RECORDED INFORMATION:
# # # # # # #
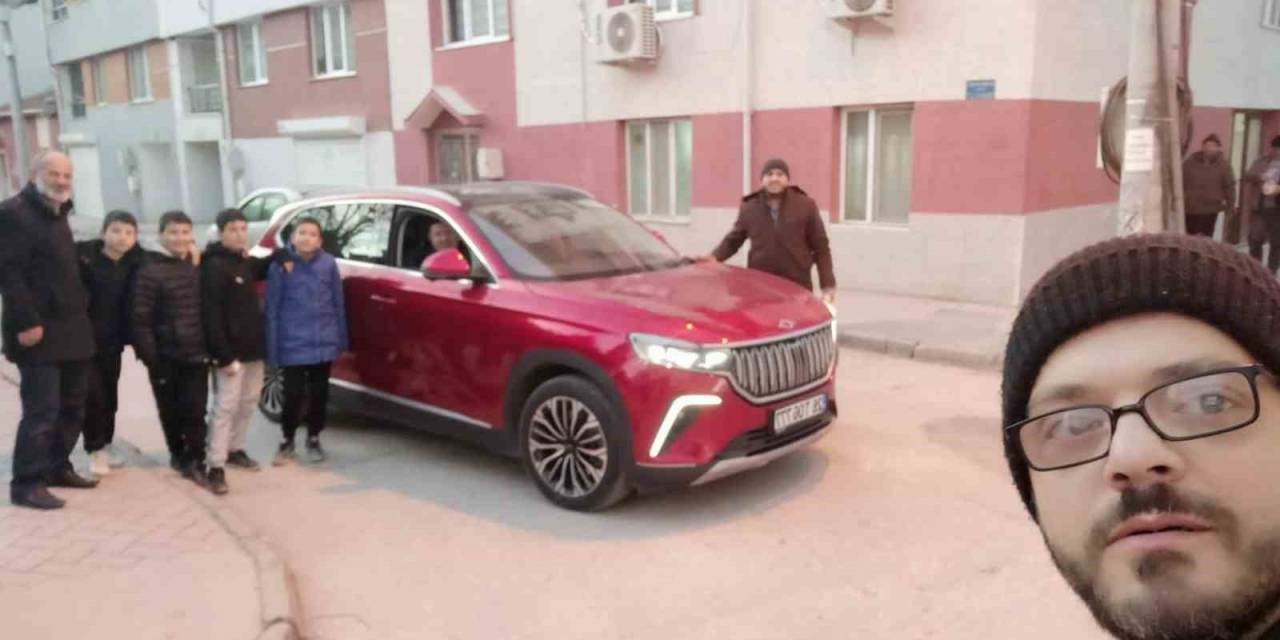 Eskişehir’de Sabah Namazını Camiden Kılan Çocuklar Togg İle Tur Attılar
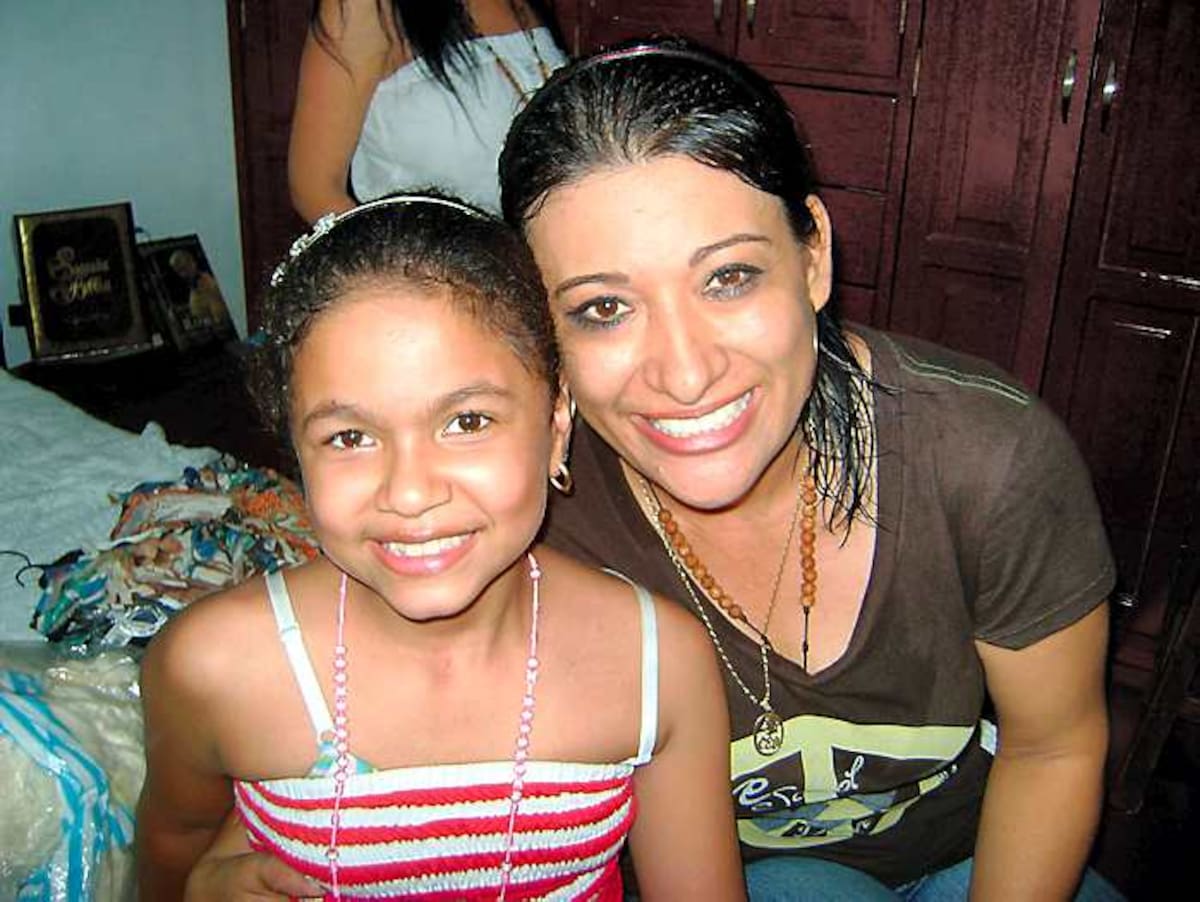 Nhora Valentina Muñoz, quien recuperó la libertad luego de 19 días de secuestro, pasó las primeras horas en libertad junto a su familia y amigos. COLPRENSA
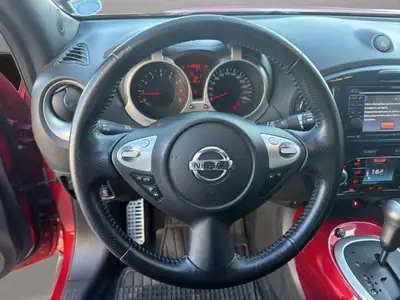 Nissan Juke 1.6 DIG-T Tekna 4x4 — SUV compact turbo, transmission CVT, tout-terrain urbain — Miniature 10
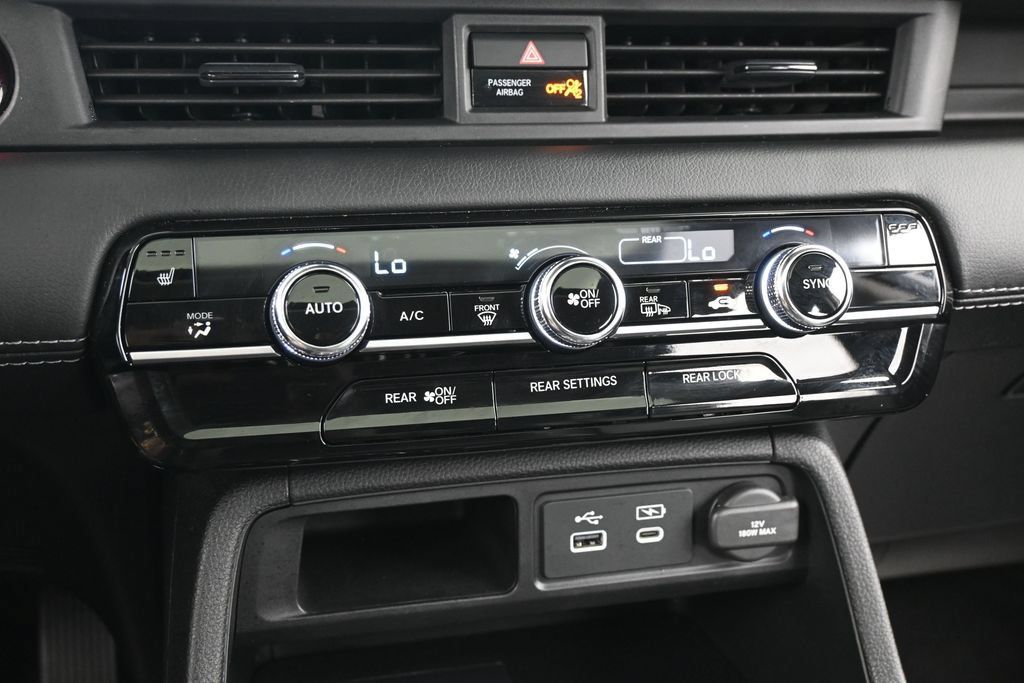 Used 2025 Honda Pilot Touring image 22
# # # # # # #
WORK ITEM: Set down every line above exactly, pictures excluded.

ANSWER TO THE PROBLEM:
 Eskişehir’de Sabah Namazını Camiden Kılan Çocuklar Togg İle Tur Attılar
 Nhora Valentina Muñoz, quien recuperó la libertad luego de 19 días de secuestro, pasó las primeras horas en libertad junto a su familia y amigos. COLPRENSA
 Nissan Juke 1.6 DIG-T Tekna 4x4 — SUV compact turbo, transmission CVT, tout-terrain urbain — Miniature 10
 Used 2025 Honda Pilot Touring image 22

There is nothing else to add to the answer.